▶ **Required work**
Your task is to repeat all of the data exactly while excluding the pictures.

====== Information shown ======

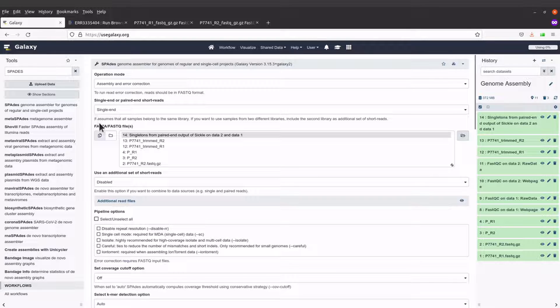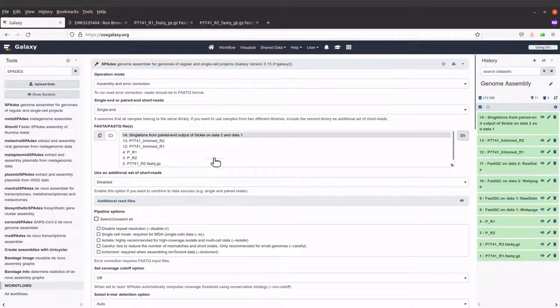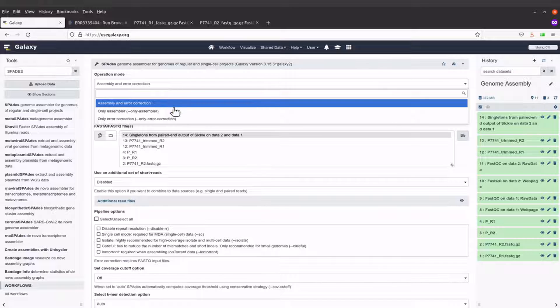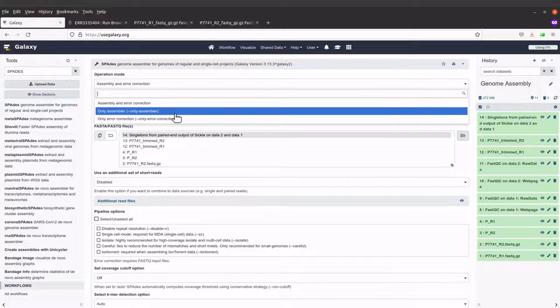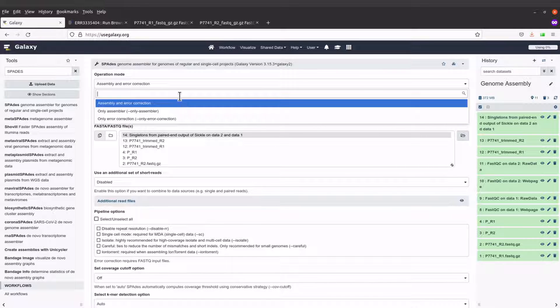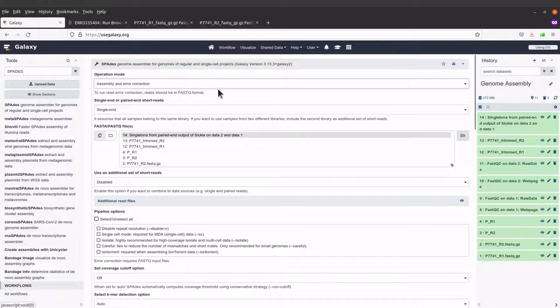After that, I'll have this window showing the operation mode. There are a number of operation modes that we can use, but I'll maintain the first one, which is assembly and error correction.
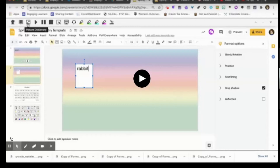You could use Boardmaker, do a Google image search, or there's another icon bank called the Noun Project at nounproject.com — a great resource for royalty-free icons if you're looking for images. We've got it linked on one of these slides.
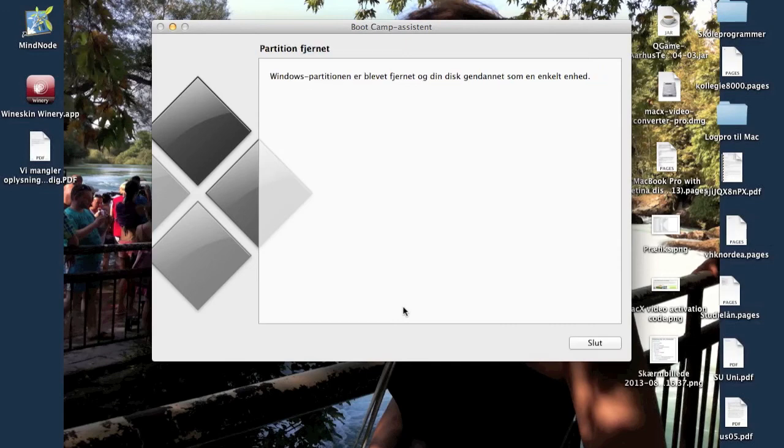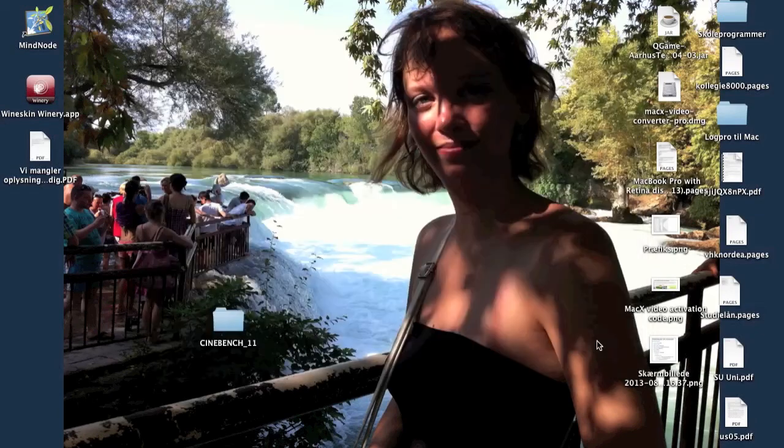And it's removed. All done. In only a few seconds.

======

▶ **Task solution**
After that, I'll have this window showing the operation mode. There are a number of operation modes that we can use, but I'll maintain the first one, which is assembly and error correction.
You could use Boardmaker, do a Google image search, or there's another icon bank called the Noun Project at nounproject.com — a great resource for royalty-free icons if you're looking for images. We've got it linked on one of these slides.
And it's removed. All done. In only a few seconds.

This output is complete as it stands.